Ferrara hat ihren Job noch nicht lange. Die Geschäftsstelle wurde 2016 gegründet. Zuvor war die Freisinnige Staatsanwältin für Wirtschaftsdelikte. «Ich wollte mich um die Zukunft der Menschen kümmern und nicht mehr ständig in deren kriminellen Vergangenheit graben», begründet sie ihren Wechsel. Allzu bald wird ihr die Arbeit wohl nicht ausgehen.

UBS und Cornèr Banka profitierten

Nicht alle Banken sind im Krisenmodus. Wer breit aufgestellt ist, profitiert von der gut laufenden Binnenwirtschaft. UBS-Manager Pedrotti sagt, man habe in allen Bereichen Marktanteile gewinnen können. Noch zufriedener wirkt Cornèr-Chef Vittorio Cornaro, dessen Institut nicht nur im Private Banking, sondern auch im Kreditgeschäft, Online-Trading und Zahlkartengeschäft tätig ist. Man wachse in allen vier Sparten absolut, sagt er. Die Bank konnte nicht zuletzt von der Krise bei der EFG/BSI profitieren und Kunden übernehmen. Die Bank ist präsent.

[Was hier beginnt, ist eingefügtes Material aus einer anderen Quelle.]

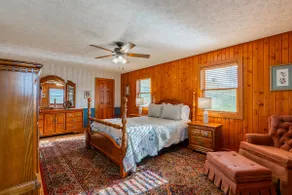 5BR Mountain Farmhouse | 270° Views | Sleeps 10 - Image 5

Wer derzeit in Lugano unterwegs ist, sieht ihr Logo gefühlt auf jeder zweiten Plakatwand. Doch die meisten Banker sind ernüchtert. Viele fühlen sich nicht zuletzt von der Schweiz nördlich des Gotthards verraten. Für den Steuerstreit mit den USA opferte Bern das Bankgeheimnis. Frankreich und Deutschland waren grosse Themen, denn die Geschäfte liefen über Zürich und Genf. Die Probleme mit Italien aber gingen vergessen, so der nur leise ausgesprochene Vorwurf. Die «Roadmap» von 2015 war für die Tessiner Banker ein Hoffnungsschimmer. «Da hätte man viel energischer verhandeln müssen», sagt einer.

An Italien führt kein Weg vorbei. «Das Klumpenrisiko bestand, besteht und wird immer bestehen», sagt Banker und Uni-Dozent Soncini. Ohne Zugang zum Markt aber müssen sich die Banken auf die bestehende Kundschaft konzentrieren – und die altert. Oder wie es Bankier Yves Mirabaud an der Tagung formulierte: «Europäische Kunden sind wie eine Badewanne, die sich langsam leert und nur schwierig wieder gefüllt werden kann.»